▶ _What is expected_
Only the lines from the opening of the material through the line bearing "Квадроцикл YAMAHA YFM700" should be reproduced, exactly and without pictures.

▶ _Provided information_
• • •
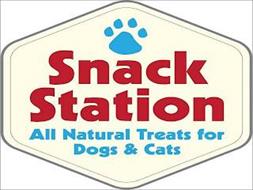 SNACK STATION ALL NATURAL TREATS FOR DOGS & CATS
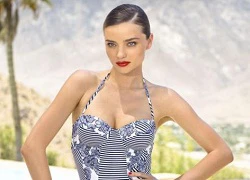 Gái một con Miranda Kerr khoe đường cong hoàn hảo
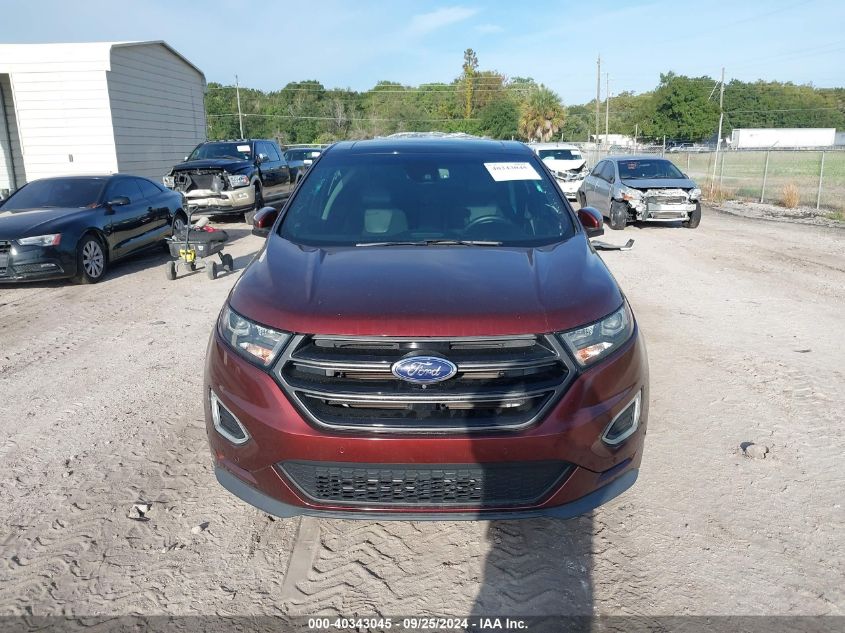 VIN 2FMTK3AP0FBB98876 2015 Ford Edge, Sport no.6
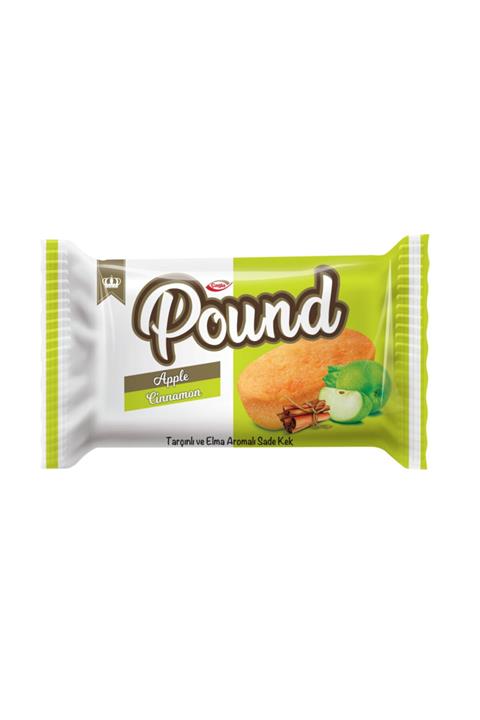 Pound Elmalı Tarçınlı Kek 45 gr * 24 Adet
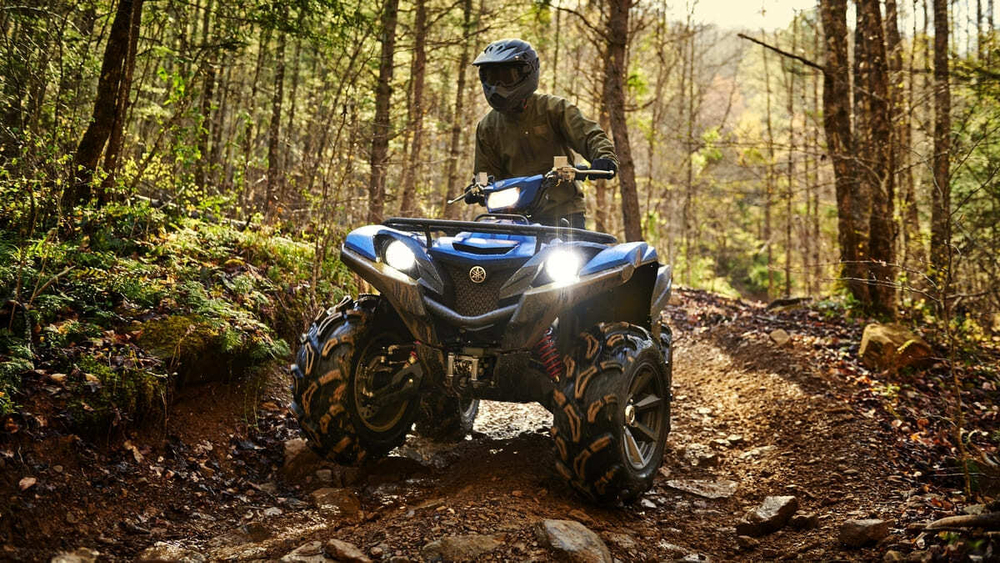 Квадроцикл YAMAHA YFM700 Grizzly (2023) (ПСМ)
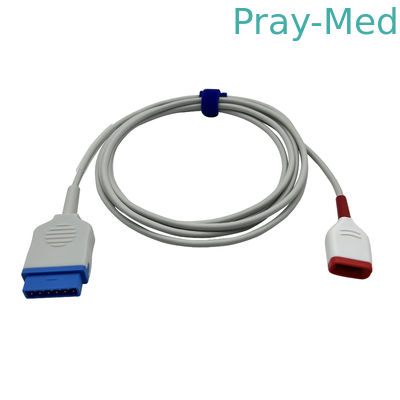4085 van de de Regenboog VASTGESTELDE SpO2 Adapter van GE RD de Kabel11pin Dubbele Gesloten GE Schakelaar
• • •
▶ _Answer to this problem_
 SNACK STATION ALL NATURAL TREATS FOR DOGS & CATS
 Gái một con Miranda Kerr khoe đường cong hoàn hảo
 VIN 2FMTK3AP0FBB98876 2015 Ford Edge, Sport no.6
 Pound Elmalı Tarçınlı Kek 45 gr * 24 Adet
 Квадроцикл YAMAHA YFM700 Grizzly (2023) (ПСМ)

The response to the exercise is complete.